Another approach to render projected imagery with correct perspective for multiple users led to the development of REFLCT (Retroreflective Environments For Learner-Centered Training), a near axis, head mounted projective display, which utilizes retroreflective screens [10, 27]. With REFLCT, each user wears a tracked head mounted projector. Each user can only see the image generated by their own projector, due to the use of retroreflective screens. The retroreflective screens have the property of reflecting the light from each projector straight back to where it came from, and is thus visible only to the wearer of the projector. The system can thus render imagery of a virtual human with perspective correct and consistent gaze for each user. If the virtual character is looking at user A, each and every user will see the character looking at user A.

A unique aspect of the REFLCT system is how it leverages the imperfect performance characteristics of retroreflective materials. Light is not reflected purely on-axis, thus offering substantial energy at slightly off-axis angles. By mounting a pico-projector near a user’s eyes, this reflected energy can be seen by the user. Previous head mounted projection systems used earlier projection technologies that provided less light and larger form factors. These systems required the projection to be aligned with the same optical axis as the user’s eyes, typically facilitated by employing an optical combiner in front of the user’s eyes. Recent pico-projectors offer enough brightness such that this is not an issue.

Retroreflective screen material is placed wherever virtual elements are to be displayed (see Fig. 1). A number of props, such as simulated cinderblock walls, sandbags, and camouflage netting, can be used to create a military themed stage and blend the screens into the environment. Other props could be used for alternative training settings. Retroreflective coatings can also be added to props, in the form of retroreflective cloth, retroreflective tape, or even a coating of fine retroreflective glass beads, allowing an image to be applied to arbitrary surfaces or even a sculpted human form.

In this paper, we discuss our evaluation of REFLCT and its effect on participants performing a multi-party social task.

2 Related Work

Mutual gaze, i.e. looking someone in the eye, is an important social signal for demonstrating interest and attention. Through the use of gaze, conversing parties are able to perform a number of functions to both express and control information flow, such as regulating the flow of conversation, conveying emotions, describing relationships, and constraining the amount of visual information received in order to avoid distraction [3, 4, 26]. The amount of gaze presented by an individual can influence social perceptions of that individual. Individuals who provided more gaze to an interviewer can receive higher socio-emotional evaluations [15]. Additionally, greater levels of eye contact can be associated with greater perceived dynamism, likability, and believability [9].

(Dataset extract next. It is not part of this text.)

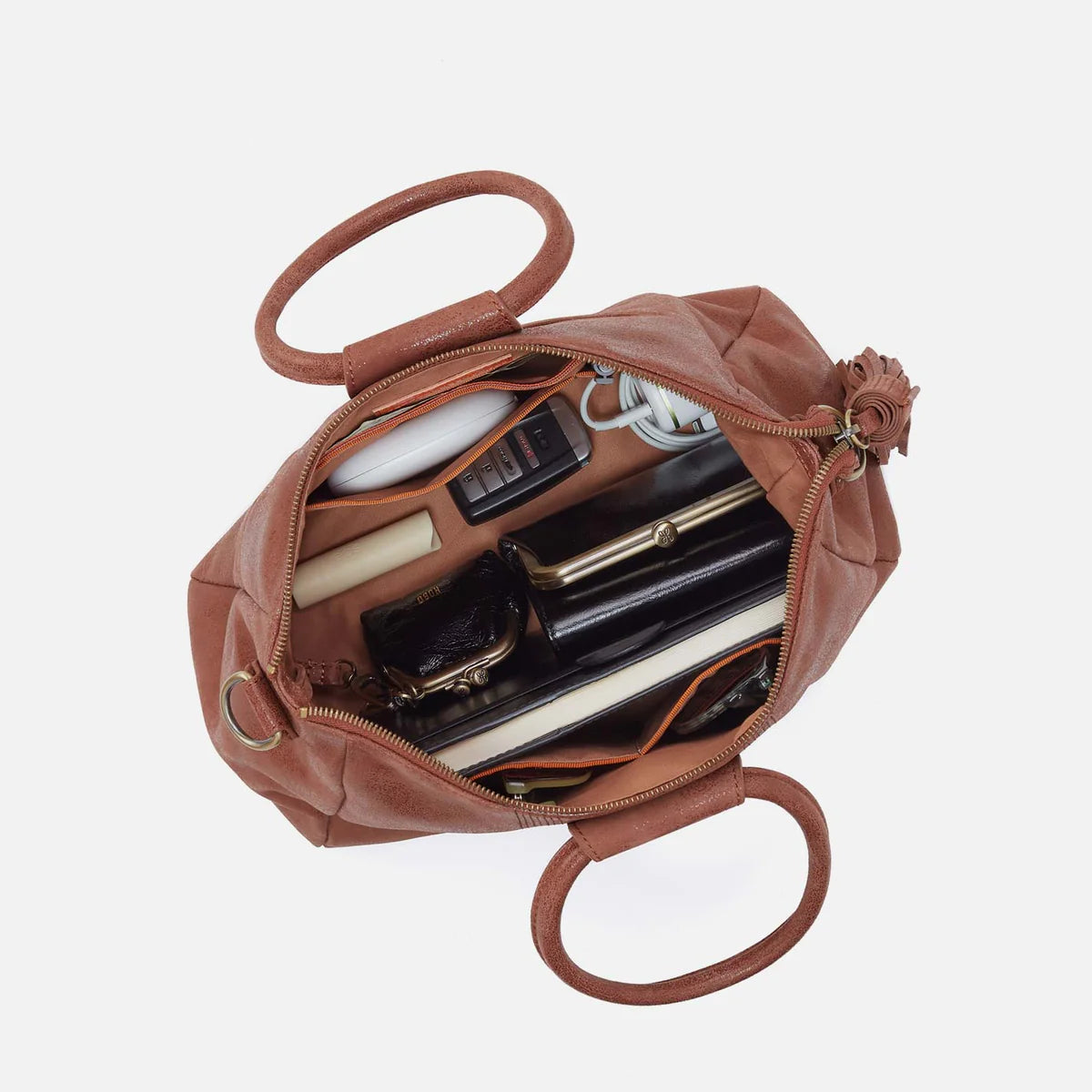 Sheila Medium Satchel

Much of the research to examine and enhance the communication of gaze in the human-computer interaction field, has sprung from efforts to improve video conferencing systems or to improve interactions with virtual humans. Some of these systems have included mechanical proxies for conversants and may also employ multiple cameras [31, 37]. Other systems have used multi-camera configurations with large displays showing multiple conversants [32] or “video tunnels” [1], which utilize half-silvered mirrors to align cameras and displays and thus the sight lines of video conferencing participants. GAZE-2, developed by Vertegaal et al., is a hybrid approach, using half-silvered mirrors, a small array of cameras, and eye tracking to select and present the video imagery best representing eye contact to other participants in a multi-party video conference [43].

Virtual humans who demonstrate effective gaze can have positive impacts on social interactions. However, gaze may only provide a portion of the social signals needed to facilitate social interactions. Work by Wang et al. demonstrated that a virtual human conveying maximal attention, using continous gaze or staring, was less effective in establishing rapport with human counterparts than virtual humans who combine continuous gaze with postural mimicry and head nods as additional positive social feedback signals [45].

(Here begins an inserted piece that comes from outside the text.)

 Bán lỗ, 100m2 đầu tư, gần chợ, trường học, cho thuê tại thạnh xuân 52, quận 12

Displays to improve rendering, particularly for presenting individualized and perspective correct imagery for multiple users have followed three main approaches: projector arrays, head-mounted displays (HMDs), and head-mounted projective displays (HMPDs). Projector arrays coupled with asymmetrically diffusing screens [7, 22, 30] can create individualized perspective-correct views, but are expensive in terms of hardware and calibration effort. They require more projectors than users, with projectors positioned everywhere that a user might be. In most cases, they are configured to offer only horizontal image isolation. Eye-tracked autostereoscopic systems may be used to reduce the number of projectors required, but commercial systems are limited in size and viewing angle [39].

Head mounted displays (HMDs) can provide perspective correct mixed reality imagery for multiple users, using either a video or optical overlay upon a real view of the world. Video overlays mix synthetic imagery with a live camera view of the world using standard opaque head-mounted displays. Video overlays exhibit some artifacts, such as video frame lag (typically 1/30th s) and the downsampling of the world to video resolution. Optical overlays use translucent displays, allowing the real world to be seen through the display. Unfortunately, this often causes the virtual imagery to be translucent. Optical overlays can also make tracker lag and noise more apparent as the virtual imagery is compared to the real world. With either type of overlay, HMDs adds bulky optical elements in front of the user’s eyes. These elements make it difficult for trainees to see each others’ eyes and facial expressions. They can also interfere with sighting down a weapon.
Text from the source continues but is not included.